Far from being shamed, Ross is now a hero. The grateful Ballin hires him away from The Garment Gazette, and Mr. Nye at Telegog assures him that Falck's subterfuge has been discovered and the disgraced guide fired. He offers a free extension of its services in compensation for the trouble, but Ross declines. Newly confident in his own abilities, he has proposed to Claire and been accepted. But, Nye urges, suppose he prove bashful on his wedding night—? "No!" shouts Ross. "By gosh, there's some things I'm gonna do for myself!"

==Setting==
The story is set in a near future similar to the era in which it was written, but in which the Soviet Union has been overthrown by a Capitalist revolution (The Peshkovs are former Communist apparatchiks living in exile), and characterized by unusually advanced developments in neurology.

==Reception==
P. Schuyler Miller, reviewing it with the other stories in A Gun for Dinosaur and Other Imaginative Tales wrote "Lack confidence? Don't--as 'The Guided Man' did--let the operators of the Telagog Company take over for you." He considered it "distinctly late-model de Camp, commenting on the current scene--and especially the suburban, or more properly exurban scene--by projecting it into the future, where its 'things of custom' appear in all their incongruity. As the plot grows simpler and simpler, the settings and commentary carry more and more of the load, in the manner of an off-Broadway play. And there will be those who say the author has written himself into most of his rather put-upon heroes-in-spite-of-themselves."

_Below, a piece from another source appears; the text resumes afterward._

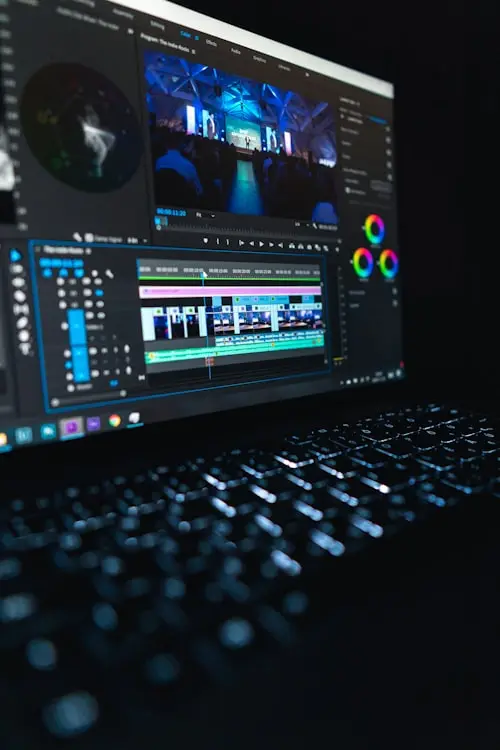Video editor working on color grading and post-production in a professional editing suite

Avram Davidson, on the other hand, found the collection "a great disappointment ... Time after time he gets hold of a great idea--and throws it away in playing for laughs of the feeblest conceivable sort." He singled out one exception, but it wasn't this one.

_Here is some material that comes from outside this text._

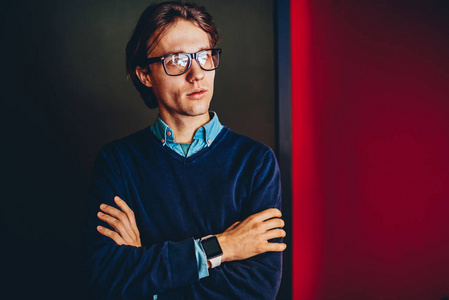 周到的商人与交叉的武器和 smartwatch 站在室内很酷的黑人青年思考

Robert Coulson, reviewing The Best of L. Sprague de Camp, wrote "'The Guided Man' is unsophisticated and unsure of himself in the big city, so he hires a firm of experts to guide him in crucial situations by actually taking over his body, with, of course, unexpected results, especially since one of the operators has designs on his client's girl friend. This is the sort of 'society fantasy' that the slick magazines of the era were buying, though this particular story was probably too scientific and too rowdy for them."

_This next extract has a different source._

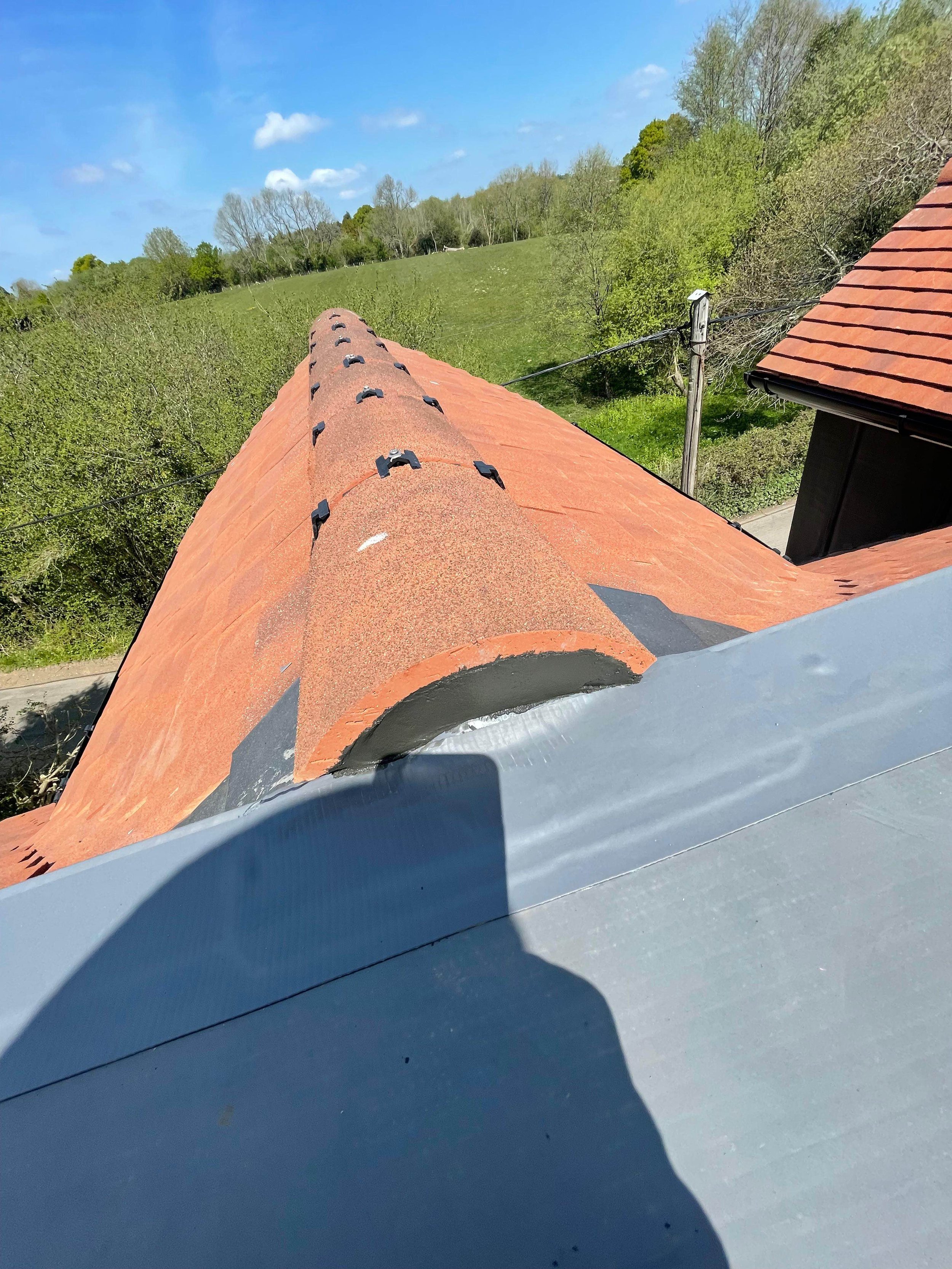 View of a rooftop with orange shingles extending into a green landscape with trees and blue sky.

==Relation to other works==
De Camp took a different approach to the theme of curing shyness in the similarly-titled "The Hibited Man" (1949), whose protagonist is subjected to an experiment that has the side-effect of removing his inhibitions.

==Projected film adaptation==
In April 2006 the story was reported to have been optioned for film as a romantic comedy to be titled "Speechless," with Brian Dannelly as director and Adrien Brody and Lindsay Lohan in talks to star. The original adaptation was written by Steve Adams and the story updated by Dannelly and Michael Urban. According to Daily Variety, the adaptation involves an introverted man (Brody) so terrified of having to give a speech at a friend's wedding that he turns to a service allowing someone else (Lohan) to speak through him. Production was projected to start production later in 2006. The project was later shelved.